Directions:
Exact reproduction is needed for the lines from the one with "16/202 Goolabri Drive — photo 3 of 4" to the end of the listing below, and for no other lines.

======== Source data

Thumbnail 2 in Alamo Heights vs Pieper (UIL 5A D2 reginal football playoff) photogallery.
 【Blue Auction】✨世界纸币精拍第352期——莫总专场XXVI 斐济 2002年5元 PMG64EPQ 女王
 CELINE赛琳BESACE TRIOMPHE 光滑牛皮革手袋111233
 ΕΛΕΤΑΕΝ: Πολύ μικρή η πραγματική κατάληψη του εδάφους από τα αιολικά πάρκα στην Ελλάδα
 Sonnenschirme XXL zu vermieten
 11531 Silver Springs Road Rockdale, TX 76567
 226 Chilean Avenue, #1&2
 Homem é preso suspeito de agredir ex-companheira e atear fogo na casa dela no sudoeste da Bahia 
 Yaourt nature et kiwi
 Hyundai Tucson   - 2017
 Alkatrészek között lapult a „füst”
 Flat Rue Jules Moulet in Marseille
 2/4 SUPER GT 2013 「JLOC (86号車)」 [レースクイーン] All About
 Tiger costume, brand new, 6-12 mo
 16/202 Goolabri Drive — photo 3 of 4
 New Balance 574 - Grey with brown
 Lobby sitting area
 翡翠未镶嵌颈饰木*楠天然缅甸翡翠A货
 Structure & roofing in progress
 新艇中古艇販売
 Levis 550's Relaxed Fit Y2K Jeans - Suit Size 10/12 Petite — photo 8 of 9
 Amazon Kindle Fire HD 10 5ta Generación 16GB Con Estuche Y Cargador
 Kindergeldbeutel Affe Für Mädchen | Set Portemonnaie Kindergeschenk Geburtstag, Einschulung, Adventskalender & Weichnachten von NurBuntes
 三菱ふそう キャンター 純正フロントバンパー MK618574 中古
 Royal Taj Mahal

================

Reply:
 16/202 Goolabri Drive — photo 3 of 4
 New Balance 574 - Grey with brown
 Lobby sitting area
 翡翠未镶嵌颈饰木*楠天然缅甸翡翠A货
 Structure & roofing in progress
 新艇中古艇販売
 Levis 550's Relaxed Fit Y2K Jeans - Suit Size 10/12 Petite — photo 8 of 9
 Amazon Kindle Fire HD 10 5ta Generación 16GB Con Estuche Y Cargador
 Kindergeldbeutel Affe Für Mädchen | Set Portemonnaie Kindergeschenk Geburtstag, Einschulung, Adventskalender & Weichnachten von NurBuntes
 三菱ふそう キャンター 純正フロントバンパー MK618574 中古
 Royal Taj Mahal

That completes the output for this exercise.